- **Extracted data**
=== Section Start ===
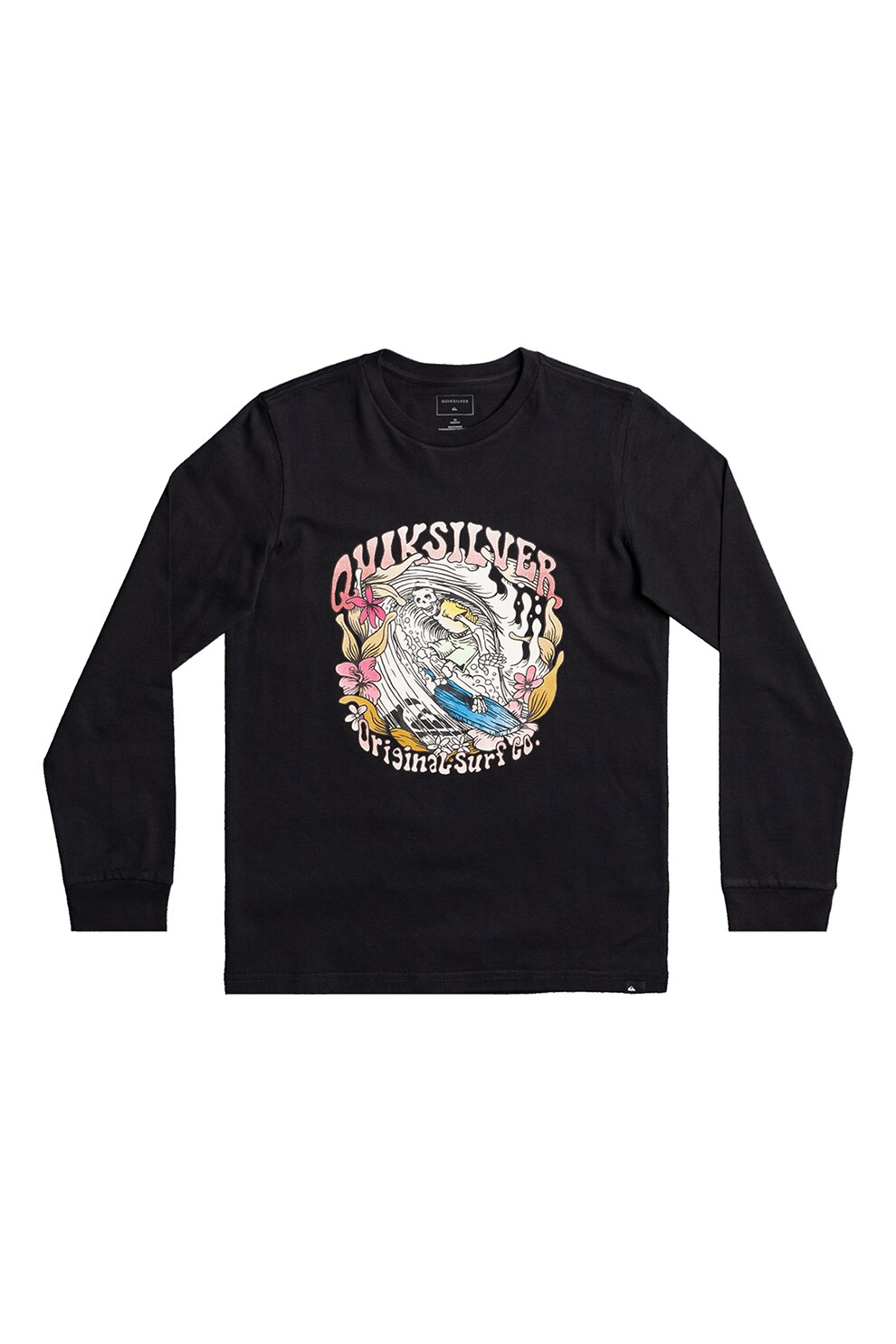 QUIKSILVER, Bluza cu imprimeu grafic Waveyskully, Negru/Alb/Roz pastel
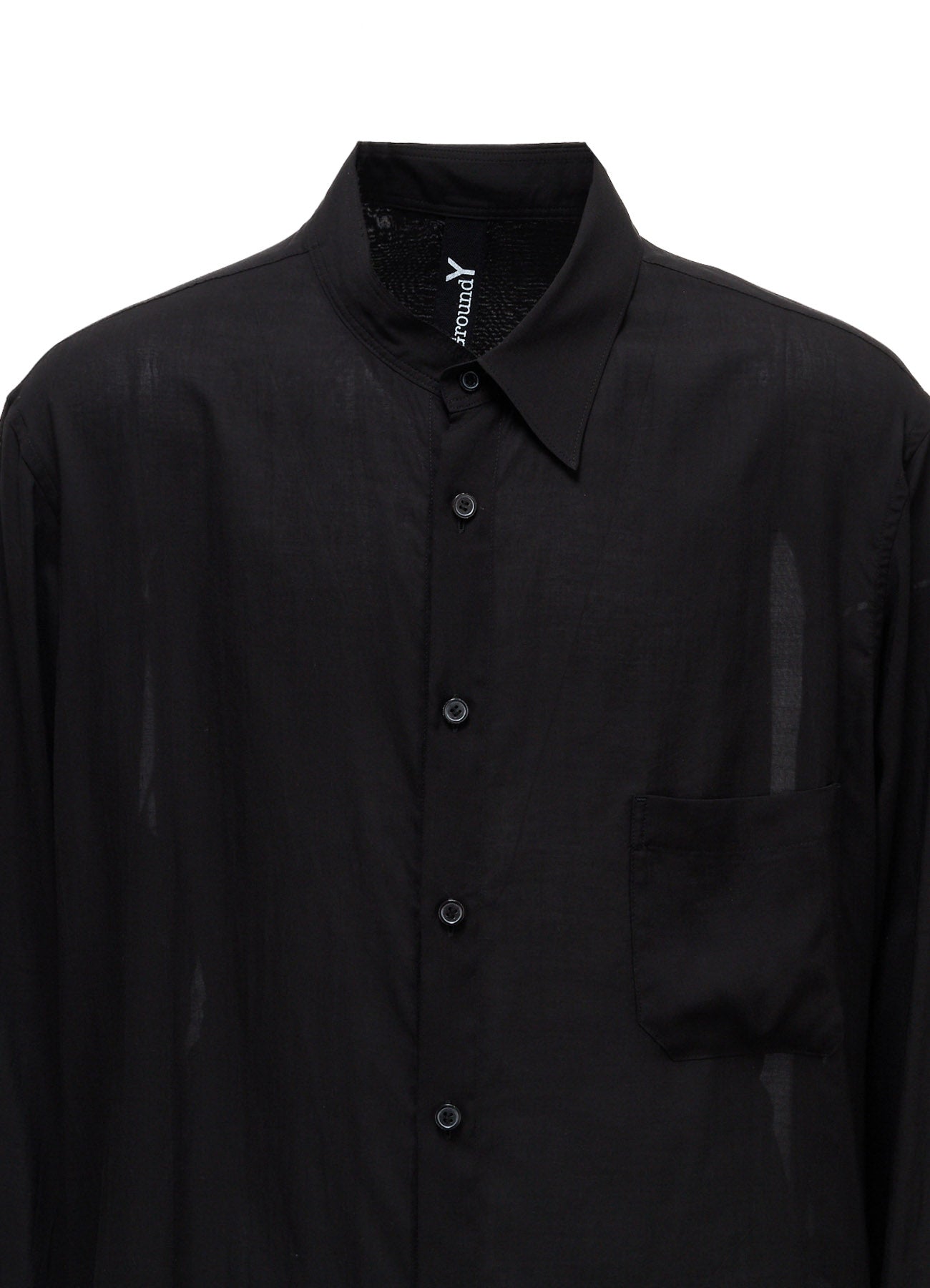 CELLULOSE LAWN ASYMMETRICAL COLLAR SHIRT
=== Section End ===
=== Section Start ===
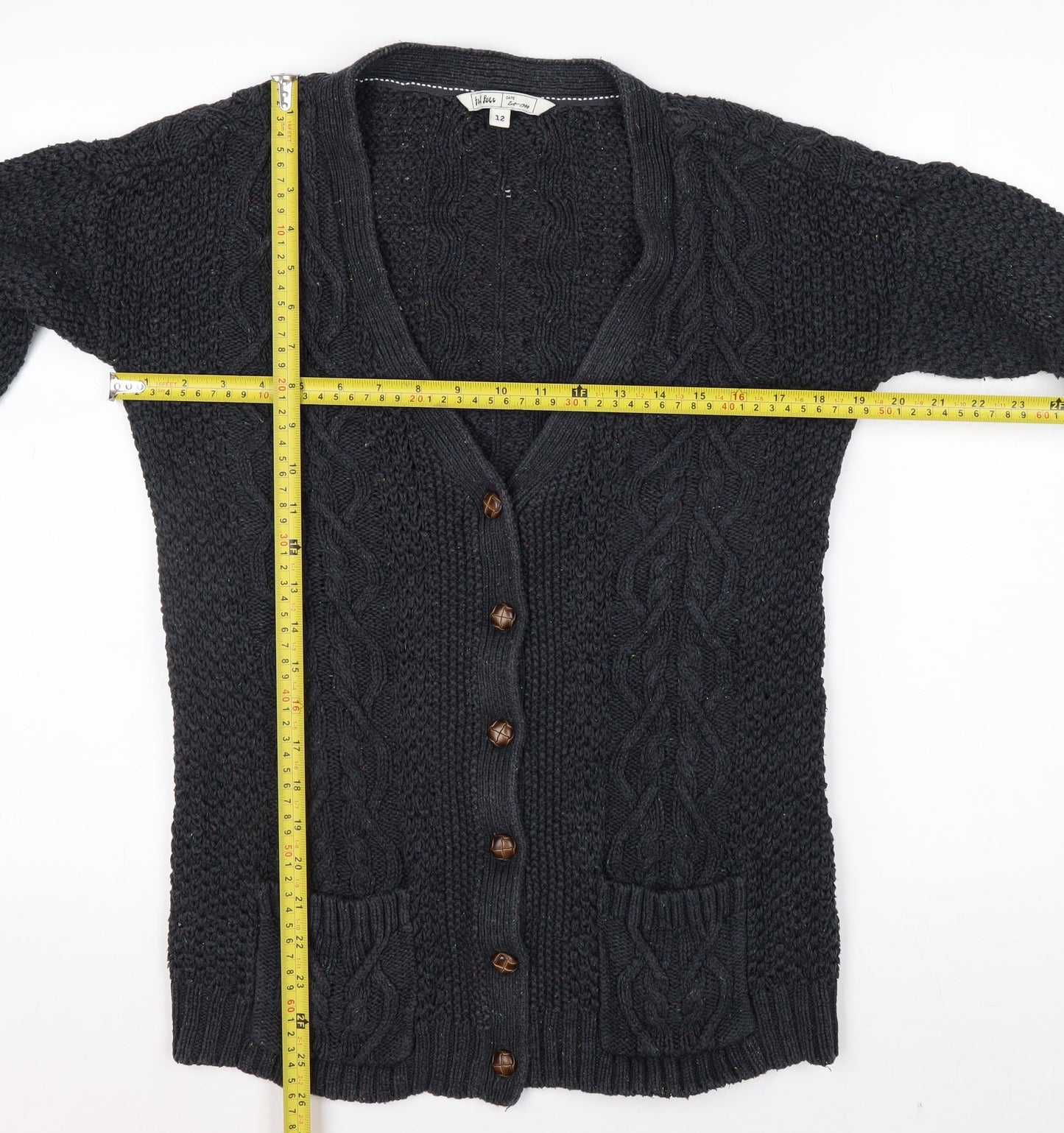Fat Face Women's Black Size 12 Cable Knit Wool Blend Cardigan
=== Section End ===
Everything above from the line containing "QUIKSILVER, Bluza cu" through the line containing "CELLULOSE LAWN ASYMMETRICAL COLLAR SHIRT" must be repeated exactly, and the pictures must be left out.

 QUIKSILVER, Bluza cu imprimeu grafic Waveyskully, Negru/Alb/Roz pastel
 CELLULOSE LAWN ASYMMETRICAL COLLAR SHIRT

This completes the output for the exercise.